When the legendary Johnny Most shows you how to keep track of an NBA game, well, you listen. As Holman prepares for his 2,000th consecutive Hawks broadcast Wednesday – not a regular-season or playoff game missed in nearly 24 years – he will ready the same hand-written scorecard the voice of the Celtics showed taught him to use as a teenager.

“I’m not smart enough to take time off,” Holman joked. “I love it every night. I really do. It sounds like a line, I guess, but it’s true, I look forward to every night. It’s 0-0. It’s a whole new game. I’ve always found that no matter what you expect, something is going to happen that you didn’t expect to happen. You say ‘Gee, I’m glad I was here. I’m glad I called that game.’”

Holman broke into the radio business as a high school student in Lawrence, Massachusetts at WCCM, a station owned by Curt Gowdy. The sportscaster told Holman went he went full-time that the pay was ‘$110 a week and all the records you can steal.’

Holman used the gig to get press passes to Celtics games and he eventually worked up the nerve to introduce himself to Most. The Celtics announcer finally let Holman keep his stat sheet. In 1976, when Most lost his voice, the 22-year-old Holman filled in for several weeks.

Holman remained in Boston working for the Celtics before eventually landed in Atlanta where he worked for the Hawks alongside John Sterling. When Sterling left in March of 1989 to join his new employer the Yankees in spring training, Holman stepped in.

And the streak began.

Holman, 58, said his work ethic came from his father, Harry, who worked as a draftsman.

“He went to work every day but he hated his job every day,” Holman said. “So he taught me to go to work every day whether you felt good or not. I just said to myself that when I got a job that I wanted to do, that I loved, that if he could go to work every day certainly I could go to work every day.”

Save for a three-year stint when he partnered with Dennis Scott, Holman works alone. With just an engineer at his side, Holman aims to paint the picture of a game his listeners come to rely on.

Brandon Leak works pre- and post-games on the Hawks flagship station and will often offer insight during the broadcast. Holman said he welcomes Leak’s point of view. For Leak, it’s Holman’s point of view that makes him a staple to Hawks fans.

“People want people in front of them who are authentic,” Leak said. “The things that he says, good, bad, humorous, he says the things that all Hawks fans are thinking. If there is a good shot people want to hear that it was a good shot. If there was a bad shot, or if there was not great effort on the play, they don’t want people trying to sugarcoat it. He calls it like he sees it. His calls are what Hawks fans are feeling. I think that’s why they appreciate it.”

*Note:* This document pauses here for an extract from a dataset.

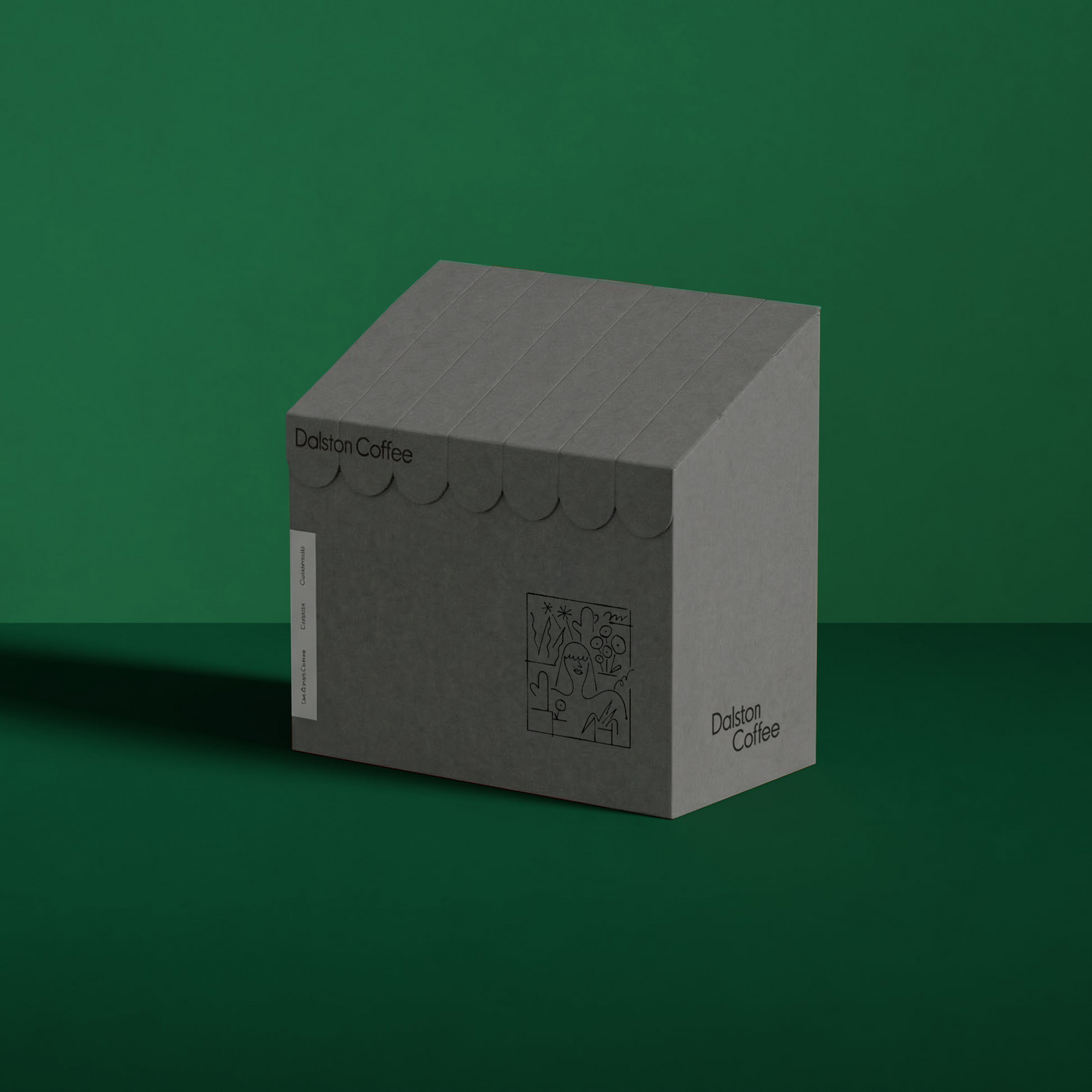 ETIOPÍA - WUSH WUSH [OMNIROAST]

Among the festivities Wednesday honoring Holman’s accomplishment will be an on-court ceremony during a first-quarter timeout.

Although, admittedly, the 2,000 straight games can run together, Holman shines when talking about the big moments. He points to Game 5 of the classic Hawks-Celtics 1988 Eastern Conference semifinal playoff game as a highlight. The Hawks won in Boston in a series they would eventually lose in seven games. Holman also fondly remembers Lenny Wilkens becoming the NBA’s all-time winningest coach and Dominique Wilkins becoming the Hawks’ all-time leading scorer.

Yes, the big moments. Holman was there for them all.

A 2011 inductee into the Georgia Radio Hall of Fame, Holman says he has no plans to retire, calling his job “a once-in-a-lifetime job that you want to keep for a lifetime.”

“If I had to guess we’ll peel his cold fingers off the microphone,” joked Bob Williams, President of the Hawks and Philips Arena.

Holman makes no bones about where his allegiance lies. Although he grew up in Massachusetts and knew he wanted to be in radio as an eight-year old listening to Most call Celtics games in his father’s car, he is devoted to the Hawks.

“I’ve always been passionate about it, every night,” Holman said. “There is nobody that wants to see the Hawks win every night more than I do. And I don’t mind that people know that during the broadcast.”

As long as there is another Hawks game to call, chances are Steve Holman will call it.